• _Requirement_: Write out the data exactly, please, and omit the pictures.

Image-text web data
════════════════
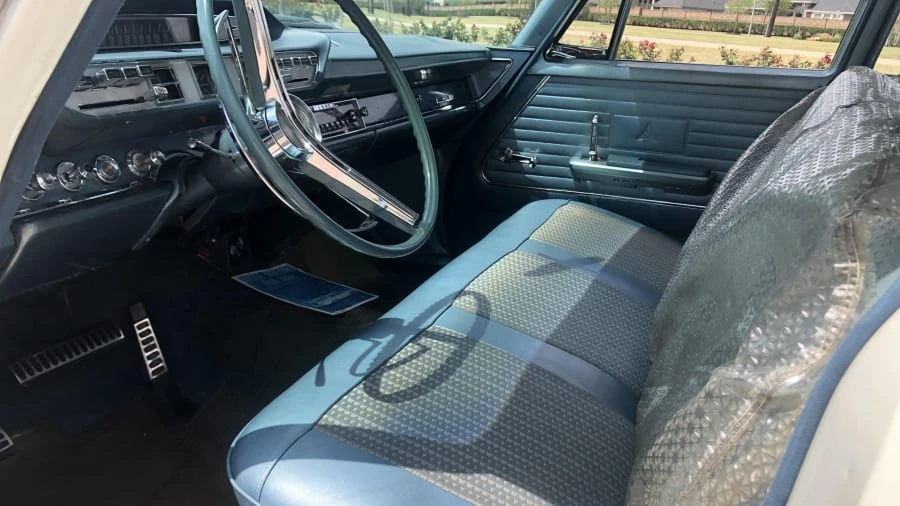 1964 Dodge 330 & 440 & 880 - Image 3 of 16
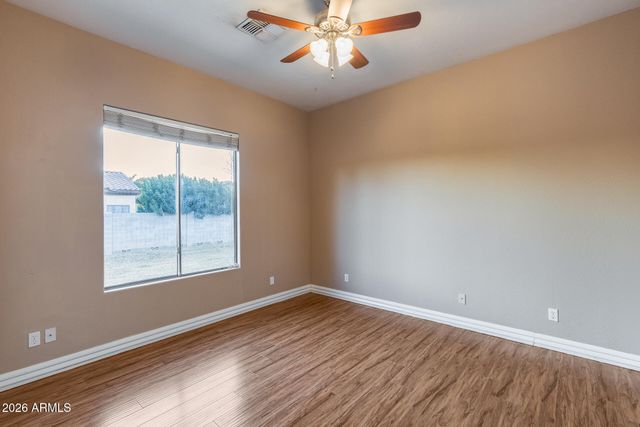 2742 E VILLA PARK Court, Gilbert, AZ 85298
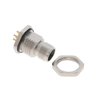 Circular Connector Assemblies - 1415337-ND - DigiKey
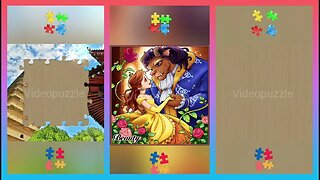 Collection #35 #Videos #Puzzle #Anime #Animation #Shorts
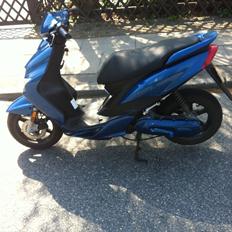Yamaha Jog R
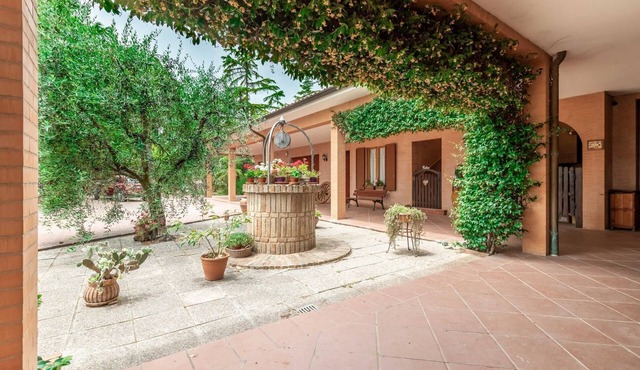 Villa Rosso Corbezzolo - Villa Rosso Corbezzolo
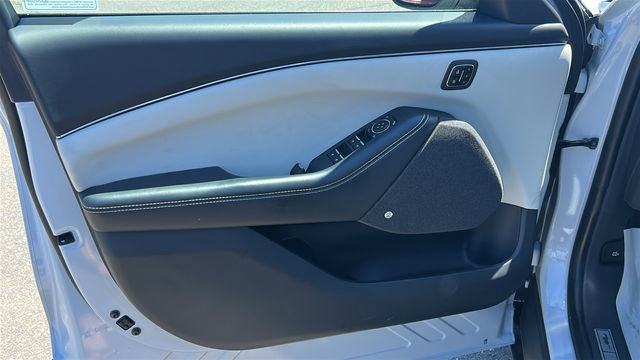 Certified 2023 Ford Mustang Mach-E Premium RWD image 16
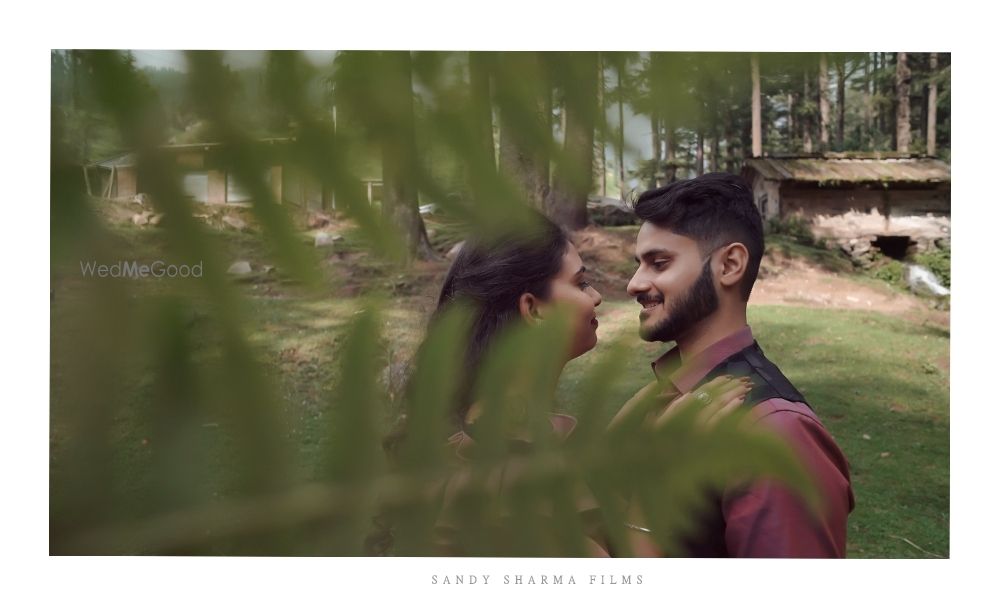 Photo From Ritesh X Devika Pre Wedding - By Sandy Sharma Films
════════════════
• _Task solution_:
 1964 Dodge 330 & 440 & 880 - Image 3 of 16
 2742 E VILLA PARK Court, Gilbert, AZ 85298
 Circular Connector Assemblies - 1415337-ND - DigiKey
 Collection #35 #Videos #Puzzle #Anime #Animation #Shorts
Yamaha Jog R
 Villa Rosso Corbezzolo - Villa Rosso Corbezzolo
 Certified 2023 Ford Mustang Mach-E Premium RWD image 16
 Photo From Ritesh X Devika Pre Wedding - By Sandy Sharma Films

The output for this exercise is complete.